The story of how I figured out what was happening is a bit complex, so please bear with me as I try to explain in plain terms:
Winstep applications are single threaded. This means that when a piece of code is running, it can do so knowing that the routine will run from start to end without some piece of code elsewhere in the same application running at the same time.
The disadvantage of this is that single threaded applications cannot do two or more things at the same time (for instance, rendering icons *and* responding to mouse events). To get around this we deliberately place 'interrupts' at specific points in the code which give other parts of the application a chance to run as well. It's a bit like this: do a little bit of task A, interrupt so task B can also happen, go back to doing another little bit of task A, and so on.
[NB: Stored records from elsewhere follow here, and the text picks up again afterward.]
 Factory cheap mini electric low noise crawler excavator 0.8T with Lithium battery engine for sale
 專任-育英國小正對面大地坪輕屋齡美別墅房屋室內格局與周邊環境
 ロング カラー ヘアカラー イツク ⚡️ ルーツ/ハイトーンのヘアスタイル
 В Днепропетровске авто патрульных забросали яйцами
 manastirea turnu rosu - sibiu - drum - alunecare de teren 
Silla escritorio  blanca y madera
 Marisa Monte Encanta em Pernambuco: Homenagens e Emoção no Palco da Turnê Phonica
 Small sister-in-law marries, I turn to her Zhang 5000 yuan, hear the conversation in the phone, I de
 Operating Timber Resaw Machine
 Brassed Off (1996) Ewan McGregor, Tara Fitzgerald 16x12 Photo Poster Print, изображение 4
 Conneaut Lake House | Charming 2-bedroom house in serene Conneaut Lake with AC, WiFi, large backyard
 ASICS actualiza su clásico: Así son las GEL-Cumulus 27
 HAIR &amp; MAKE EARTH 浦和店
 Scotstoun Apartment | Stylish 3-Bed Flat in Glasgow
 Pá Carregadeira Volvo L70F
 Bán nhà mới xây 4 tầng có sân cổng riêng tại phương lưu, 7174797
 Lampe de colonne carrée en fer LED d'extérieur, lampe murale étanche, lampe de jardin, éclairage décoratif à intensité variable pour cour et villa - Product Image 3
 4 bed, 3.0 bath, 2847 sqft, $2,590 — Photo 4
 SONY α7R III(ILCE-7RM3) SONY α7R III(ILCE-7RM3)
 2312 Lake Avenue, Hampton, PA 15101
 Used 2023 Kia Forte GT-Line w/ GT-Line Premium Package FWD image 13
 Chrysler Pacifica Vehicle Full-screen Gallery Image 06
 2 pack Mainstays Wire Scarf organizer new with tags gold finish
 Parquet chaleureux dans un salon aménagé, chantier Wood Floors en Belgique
This way the application appears to be always responsive even if it is busy doing something, and, because we know *exactly* where the interrupts will happen (because we put them there), we can test at that point to see if task B did something that would have an influence on task A.
Now, applications can also be multi-threaded. Multi-threaded applications are a REAL nightmare to code properly, because tasks A, B and C are all running at the same time independent of each other. Task A can thus be interrupted by the OS at ANY time to do task B or task C, and if the application hasn't been coded properly via complicated methods such as semaphores and thread synchronization objects to take this into account crashes and weird things will start happening.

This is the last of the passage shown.